• **Task description**
How many lines in the records below contain "Antique"? Reply with the number alone.

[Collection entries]

Start of Block

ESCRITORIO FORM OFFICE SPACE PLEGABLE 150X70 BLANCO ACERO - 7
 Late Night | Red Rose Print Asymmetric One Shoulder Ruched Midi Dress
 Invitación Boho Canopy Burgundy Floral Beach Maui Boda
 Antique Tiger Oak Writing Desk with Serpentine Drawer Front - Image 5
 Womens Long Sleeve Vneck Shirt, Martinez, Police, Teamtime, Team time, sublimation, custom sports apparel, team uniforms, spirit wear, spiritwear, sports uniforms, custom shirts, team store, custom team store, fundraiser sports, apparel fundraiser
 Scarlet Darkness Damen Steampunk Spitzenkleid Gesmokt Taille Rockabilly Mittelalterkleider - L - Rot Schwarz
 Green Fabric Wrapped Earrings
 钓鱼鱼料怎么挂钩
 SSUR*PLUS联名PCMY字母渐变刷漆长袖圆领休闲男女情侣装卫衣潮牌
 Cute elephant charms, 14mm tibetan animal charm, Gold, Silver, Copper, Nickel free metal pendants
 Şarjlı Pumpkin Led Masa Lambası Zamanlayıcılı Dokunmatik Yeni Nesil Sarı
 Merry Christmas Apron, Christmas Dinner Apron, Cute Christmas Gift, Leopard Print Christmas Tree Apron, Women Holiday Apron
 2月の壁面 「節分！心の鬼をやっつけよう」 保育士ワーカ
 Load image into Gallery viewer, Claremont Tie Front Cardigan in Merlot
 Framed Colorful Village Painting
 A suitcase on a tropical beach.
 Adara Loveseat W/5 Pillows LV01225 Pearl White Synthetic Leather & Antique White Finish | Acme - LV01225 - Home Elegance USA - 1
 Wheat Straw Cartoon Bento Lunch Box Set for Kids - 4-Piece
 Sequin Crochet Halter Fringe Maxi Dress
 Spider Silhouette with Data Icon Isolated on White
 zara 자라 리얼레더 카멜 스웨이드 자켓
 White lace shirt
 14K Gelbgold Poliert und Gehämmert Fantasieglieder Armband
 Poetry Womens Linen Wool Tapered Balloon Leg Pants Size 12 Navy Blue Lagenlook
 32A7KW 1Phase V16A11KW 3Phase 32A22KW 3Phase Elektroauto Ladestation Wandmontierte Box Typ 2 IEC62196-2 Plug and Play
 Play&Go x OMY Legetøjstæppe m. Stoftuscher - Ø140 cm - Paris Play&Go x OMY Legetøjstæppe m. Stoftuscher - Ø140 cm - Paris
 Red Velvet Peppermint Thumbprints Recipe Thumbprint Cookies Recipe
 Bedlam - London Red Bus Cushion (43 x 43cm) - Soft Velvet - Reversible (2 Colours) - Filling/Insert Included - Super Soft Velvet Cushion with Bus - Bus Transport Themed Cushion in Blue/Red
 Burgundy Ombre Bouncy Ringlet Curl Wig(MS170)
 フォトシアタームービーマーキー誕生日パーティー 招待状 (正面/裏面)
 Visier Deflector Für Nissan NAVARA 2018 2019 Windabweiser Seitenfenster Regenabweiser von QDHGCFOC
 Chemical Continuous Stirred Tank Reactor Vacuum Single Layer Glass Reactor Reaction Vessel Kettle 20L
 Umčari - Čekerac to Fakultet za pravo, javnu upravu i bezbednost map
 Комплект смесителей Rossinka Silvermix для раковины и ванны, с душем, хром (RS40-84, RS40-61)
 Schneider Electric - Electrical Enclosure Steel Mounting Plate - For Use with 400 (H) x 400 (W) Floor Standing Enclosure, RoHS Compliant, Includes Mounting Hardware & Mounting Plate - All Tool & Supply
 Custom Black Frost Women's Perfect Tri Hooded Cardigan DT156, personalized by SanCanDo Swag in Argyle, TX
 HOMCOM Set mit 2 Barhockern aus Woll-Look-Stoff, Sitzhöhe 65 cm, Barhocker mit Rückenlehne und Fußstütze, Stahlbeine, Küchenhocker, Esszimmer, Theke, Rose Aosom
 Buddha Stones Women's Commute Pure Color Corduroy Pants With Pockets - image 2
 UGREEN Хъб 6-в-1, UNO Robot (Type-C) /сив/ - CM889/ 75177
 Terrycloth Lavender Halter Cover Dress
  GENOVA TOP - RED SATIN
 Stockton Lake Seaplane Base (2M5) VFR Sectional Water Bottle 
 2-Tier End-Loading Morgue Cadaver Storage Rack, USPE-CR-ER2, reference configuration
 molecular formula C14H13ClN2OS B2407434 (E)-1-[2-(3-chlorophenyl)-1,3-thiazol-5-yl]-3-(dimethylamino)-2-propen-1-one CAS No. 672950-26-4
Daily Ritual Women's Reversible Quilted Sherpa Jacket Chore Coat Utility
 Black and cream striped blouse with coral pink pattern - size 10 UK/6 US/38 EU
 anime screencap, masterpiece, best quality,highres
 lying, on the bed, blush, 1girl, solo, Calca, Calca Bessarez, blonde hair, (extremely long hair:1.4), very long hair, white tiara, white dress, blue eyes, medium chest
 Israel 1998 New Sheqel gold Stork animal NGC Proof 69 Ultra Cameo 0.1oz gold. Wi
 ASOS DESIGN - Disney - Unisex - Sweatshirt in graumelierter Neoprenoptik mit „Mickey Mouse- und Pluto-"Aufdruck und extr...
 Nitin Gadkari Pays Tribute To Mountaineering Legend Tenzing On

End of Block

• **Expected answer**
2